Bardzo dawno
nie odwiedzałem z blogiem pól bitewnych Wojny Trzydziestoletniej, pora to nieco
nadrobić. 27 kwietnia 1622 roku doszło do dosyć krwawego zamieszania, które do
historii przeszło pod mianem bitwy pod Mingolsheim. Protestanccy wojacy Ernsta
von Mansfelda utarli tam nieco nosa katolickim regimentom Johanna t’Sercaleasa
hrabiego Tilly. Niecały miesiąc później w Londynie ukazał się anonimowy pamflet
opiewający waleczne czyny protestantów, zatytułowany Prawdziwa relacja o wszystkich bitwach które stoczono w Palatynacie, od
momentu gdy dotarł tam Król aż do dnia dzisiejszego, to jest 24 maja. Z
tego uroczego dziełka chciałbym zacytować opis sztandarów które miały paść
łupem żołnierzy Mansfelda.
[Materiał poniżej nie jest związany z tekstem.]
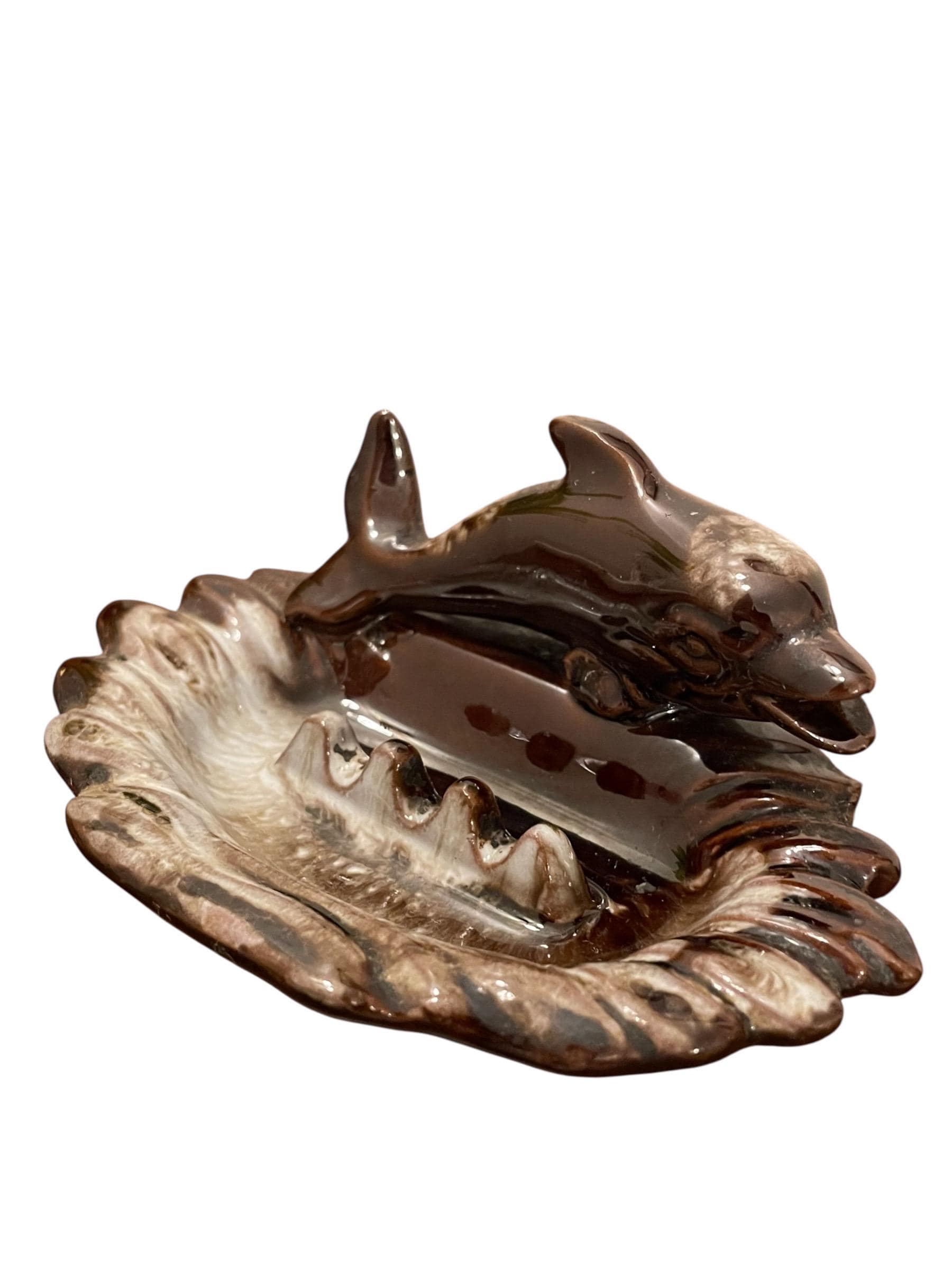 ハンドクラフト　置物　vintage Vintage Souvenir Dolphin Ceramic Ashtray- MCM Smoking Lounge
Tłumaczenie z angielskiego mojego autorstwa, więc z
góry przepraszam za ewentualne błędy:
Przeciwnik [tj. wojska katolickie] utracił osiem Kornetów [sztandarów
kawalerii], a między nimi dwa wielkie
Sztandary lub Chorągwie, jedna z białego adamaszku, na niej te oto słowa „In Domino
spenantesin eo non confunsantur”. Drugi Sztandar z czerwonego adamaszku, po
jednej stronie miał czarnego Orła, po drugiej herb Bawarii, dookoła niego Złote
Runo, a pod nim napis „Adiutorium Domini sit intimicis terror”. Trzeci wielki
Kornet, bardzo zniszczony, miał napis „Fortune” , ale tak był podarty i
uszkodzony, także Motto nie dało się odczytać.
Znaleziono [na pobojowisku] także sześć Sztandarów należących do piechoty, ale tak zniszczonych
przez deszcz i błoto, że nie dało się [z nich] odczytać.